In one aspect of the invention, the methods of the invention transform laboratory processes into timely and cost effective results, beneficial to the patient and health care provider. This is particularly true in the diagnostic assay situation.
These and various other features and advantages of the invention will be apparent from a reading of the following detailed description and a review of the appended claims.

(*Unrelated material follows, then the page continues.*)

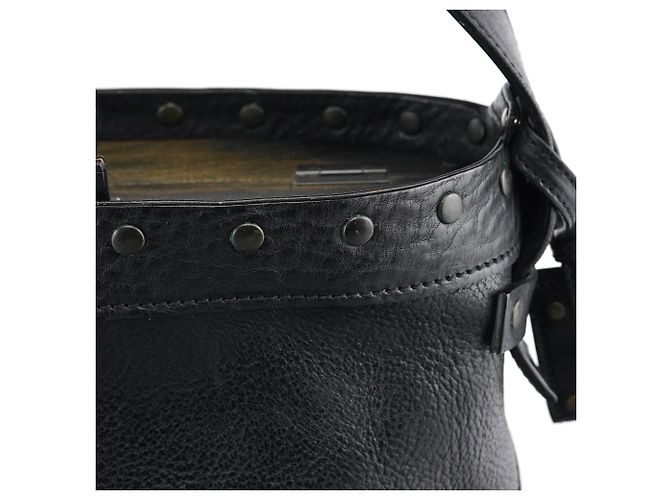 Gucci Borsa bucket in pelle nera e legno Autunno 2002 - vista 12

BRIEF DESCRIPTION OF THE DRAWINGS

FIG. 1 is a flow diagram illustrating one process for practicing the present invention.

DETAILED DESCRIPTION

Definitions

The following definitions are provided to facilitate understanding of certain terms used frequently herein and are not meant to limit the scope of the present disclosure.
As used herein, the term “amplification” is defined as the production of additional copies of a nucleic acid sequence or molecule and is generally carried out using a technique such as polymerase chain reaction (PCR) or other like techniques (see, e.g., Dieffenbach C. W. and G. S. Dveksler (1995) PCR Primer, A Laboratory Manual, Cold Spring Harbor Press, Plainview, N.Y.). With regard to PCR, references U.S. Pat. No. 4,683,202 and U.S. Pat. No. 4,683,195 are hereby incorporated by reference.
As used herein, the terms “nucleic acid,” “nucleic acid molecule” or “NA” refers to the phosphate ester polymeric form of either deoxyribonucleosides (deoxyadenosine, deoxyguanosine, deoxythymidine, or deoxycytidine), ribonucleosides (adenosine, guanosine, uridine or cytidine), or any phosphoester analogs thereof (e.g., phosphorothioates, thioesters). Double-stranded DNA-DNA, DNA-RNA and RNA-RNA helices are included within the definition. The term “nucleotide” includes both individual units of deoxyribonucleic acid and ribonucleic acid as well as nucleoside and nucleotide analog, and modified nucleotides such as labeled nucleotides. In addition, nucleotide includes non-naturally occurring analog structures, such as those in which the sugar, phosphate, and/or base units are absent or replaced by other chemical structures. Thus, the term nucleotide encompasses individual peptide nucleic acid (PNA)(Nielsen et al., Bioconjug. Chem. (1994) 5(1):3-7) and locked nucleic acid (LNA) (Braasch and Corey, Chem. Biol. (2001) 8(1):1-7), for example.
As used herein, “nucleic acid sequence” refers to the order of sequence of nucleotides along a strand of nucleic acid. In some cases, the order of these nucleotides may determine the order of the amino acids along a corresponding polypeptide chain. The nucleotide sequence thus codes for the amino acid sequence. The nucleic acid sequence may be single-stranded or double-stranded, as specified, or contain portions of both double-stranded and single-stranded sequences. The nucleic acid sequence may be composed of DNA, (e.g., genomic, cDNA) RNA, or hybrid, where the sequences comprise any combination of deoxyribo- and ribonucleotides, and any combination of bases or analogs thereof, including uracil, adenine, thymine, cytosine, guanine, isosine, xanthine hypoxathanine, isocytosine, isoguanine, etc.
As used herein, “some portion of rRNA” refers to an amount of rRNA that provides enough material to amplify under either standard PCR methods or methods devoted to real time PCR. Note that rRNA is typically amplified into cDNA using reverse transcriptase prior to or during PCR reactions.
As used herein, “real time PCR” refers to a method(s) for continuously measuring amplification products. Aspects of real time PCR include measurements of amplified nucleic acid during the amplification reaction using a detectable target probe. Typical probes are fluorescent. Various aspects of real time PCR have been described in detail elsewhere, the following references are provided, which are incorporated by reference herein: Lo Y. M. D. et al., Am. J. Hum. Genet. 1998; 62:768 75; Heid C. A. et al., Genome. Res. 1996; 6:986-994; Luthra R et al., Am. J. Pathol. 1998; 153:63-68; Holland et al., Proc. Natl. Acad. Sci. USA 1991; 88:7276-7280.
As used herein, “ribosomal RNA” or “rRNA” refers to the RNA that is the primary constituent of ribosomes. Like other forms of RNA, rRNA is transcribed from DNA, and makes up the majority of the RNA found in a typical cell. In general, there are two mitochondrial rRNA molecules (23S and 16S) and four types of cytoplasmic rRNA (28S, 5.8S, 5S and 18S). For purposes of the present disclosure, rRNA can include the 16S-23S rRNA interspace regions.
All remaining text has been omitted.